Years ago I was struggling with a dilemma - when players start out they have no magic items. Them through adventuring, they find weak magic items but keep 'trading up' as they advance in level. Not a big deal, really, but I had two problems - would you really just sell/cast aside the sword you did so many heroic deeds with because the new one is shinier and where did all those magic items come from?
Then, while I was considering this, I re-read the entry on Rings of Elemental Command.
That was it - items that grow with your characters.
Keep in mind , this was more than 20 years before Weapons of Legacy was printed and 30 years before I read that book!
Anyway, I came up with two major ideas that have crept into and out of my campaigns over the decades since.
First, some magic items are magic because of what they are and how they've been used rather than from being enchanted by a mage or cleric.
Example: At 2nd level Lyon the Paladin finds a well-made sword forged of an alloy of meteoric iron and mithril. Although not enchanted, it is +1 to hit and damage because of its excellent quality. At 3rd level Lyon is part of the defense of a remote border fortress when waves of Orcs attack. When catapults finally punch through the outer curtain wall Lyon stands in the breach, alone, holding it against the Orcs until archers can drive them back. After the battle he kneels and praises God. Now his sword is still +1 to hit and damage, but it is a magical bonus. Further, if Lyon is fighting alone against multiple foes he gains a +1 to A.C.
At 5th level Lyon is part of an expedition against a demonic chapel. During the fighting an evil cleric uses a magic item to summon a horror from the Abyss. Undaunted, Lyon fights bravely against the fiend. Although badly wounded, he still prevails. Bathed in the ichor of this magical creature the sword is now +2.
Over the years Lyon engages in a duel with an anti-paladin, overthrows a tyrant dominating a small Halfling nation, and slays a kraken after being dragged beneath the waves. At 14th level his sword is now a +4 Defender and almost as much a companion as a weapon. Now, much older and wiser, he once again faces a terrible foes from the Abyss. Chanting a litany Lyon closes with the fiend and does battle. After a long struggle Lyon severs the fiend's whip hand and then shatters the demon's sword, finally impaling the demon through the heart.

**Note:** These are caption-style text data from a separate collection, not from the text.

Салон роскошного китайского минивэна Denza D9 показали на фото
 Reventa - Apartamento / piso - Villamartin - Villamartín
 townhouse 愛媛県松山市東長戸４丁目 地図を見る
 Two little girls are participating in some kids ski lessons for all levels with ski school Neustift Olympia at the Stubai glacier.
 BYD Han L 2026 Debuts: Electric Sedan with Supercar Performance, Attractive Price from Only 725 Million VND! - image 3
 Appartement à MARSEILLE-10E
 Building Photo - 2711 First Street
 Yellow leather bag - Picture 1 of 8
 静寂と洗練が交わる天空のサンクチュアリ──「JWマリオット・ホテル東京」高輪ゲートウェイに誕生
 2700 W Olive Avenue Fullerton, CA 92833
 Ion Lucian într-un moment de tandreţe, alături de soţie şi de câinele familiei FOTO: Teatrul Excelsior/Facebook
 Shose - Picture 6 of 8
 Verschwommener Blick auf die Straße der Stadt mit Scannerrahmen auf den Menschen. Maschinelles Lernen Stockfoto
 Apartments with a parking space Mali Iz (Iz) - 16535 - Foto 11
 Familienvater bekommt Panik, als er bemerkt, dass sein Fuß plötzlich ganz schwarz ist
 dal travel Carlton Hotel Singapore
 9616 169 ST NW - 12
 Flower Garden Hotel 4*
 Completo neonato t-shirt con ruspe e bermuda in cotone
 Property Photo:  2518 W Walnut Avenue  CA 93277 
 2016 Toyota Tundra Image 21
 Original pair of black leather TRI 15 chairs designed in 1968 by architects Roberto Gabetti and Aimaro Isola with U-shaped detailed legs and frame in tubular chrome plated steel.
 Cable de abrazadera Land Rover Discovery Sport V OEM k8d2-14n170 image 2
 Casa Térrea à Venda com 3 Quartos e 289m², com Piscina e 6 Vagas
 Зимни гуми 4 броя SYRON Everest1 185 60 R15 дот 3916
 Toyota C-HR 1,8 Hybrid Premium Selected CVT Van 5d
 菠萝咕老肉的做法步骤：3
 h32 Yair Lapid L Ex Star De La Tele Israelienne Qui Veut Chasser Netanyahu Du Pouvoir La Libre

The demon topples forward, snapping Lyon's sword in two under it great bulk.
Lyon, knowing it is but a tool, struggle to push the sadness from his heart - the sword has been with him for so long! As he struggles with the warring emotions a winged figure appears. In a few moments it is holding Lyon's sword, as whole as ever, in its hands before returning it to the erstwhile paladin. Trembling, Lyon grasps the +5 Holy Sword of Demon Slaying and thanks God for his mercy.
This sort of arc can take all sorts of directions - a thief's gloves slowly become Gauntlets of Dexterity; a cleric's mace becomes, eventually, a Mace of Disruption. Just beware of two things - don't go too fast and don't use it as an excuse to railroad players! How I try (and sometimes fail) to use it is as an encouragement to heroic action - when the players know that dramatic actions can have a direct effect they are encouraged to make the broad gesture, to take the great risk.
Second, some magic items need to be activated in stages, over time. This was the first idea I had, from the Rings of Elemental Command. I though that, rather than have one event trigger all the powers each power needed a different event. This can be very simple, such as needing to discover different command words. It can also be complicated, such as, oh, this
Example: When 1st level Korbok the Mage finds a wand with a scrap of paper that has the word 'emburn' on it. An Identify spell indicates that it is a Wand of Burning Hands with 98 charges and, well, maybe more; the results were a little murky.
At 4th level Korbok is going through the library of an evil sorcerer that his party had defeated when in a book of arcane lore he finds a reference to 'emburn' and 'fulmose'. With a bit of (very careful) experimentation Korbok learns that the Wand will also cast a Wall of Fire with the second command word at the cost of two charges.
At this point Korbok suspects that there is even more to the wand so he travels to the City of One Thousand Islands to visit the various libraries and search out sages. After a few weeks (and a few pounds of gold coins) he knows that there is another power in the wand and a way that might unlock it. He returns to his villa and goes through a process almost identical to researching a third level spell. After the proper expenditure of time and money Korbok succeeds in his roll but instead of learning a new spell he unlocks the wand's third power - the ability cast a Fireball at the cost of a charge.
Now, I certainly don't do this is every magic item in the campaign. Far from it. But I do make it common enough that the players look at every single magic item with interest and (my main goal) a sense of wonder. Since I use a lot of unique or non-standard magic items it returns that sense of potential I think magic items should have. Is that just a +1 dagger or a Dagger of Orc Slaying that needs to be unlocked? Is this a Robe of Armor, A.C. 4 or a Robe of the Archmage?
It also allows me to introduce fewer magic items into the campaign without the players feeling under-rewarded for their efforts.
Last, and certainly far from least, these simple mechanics are a toolbox of plot hooks, quest openers, and ways of separating players from treasure!
Is anyone else trying anything similar?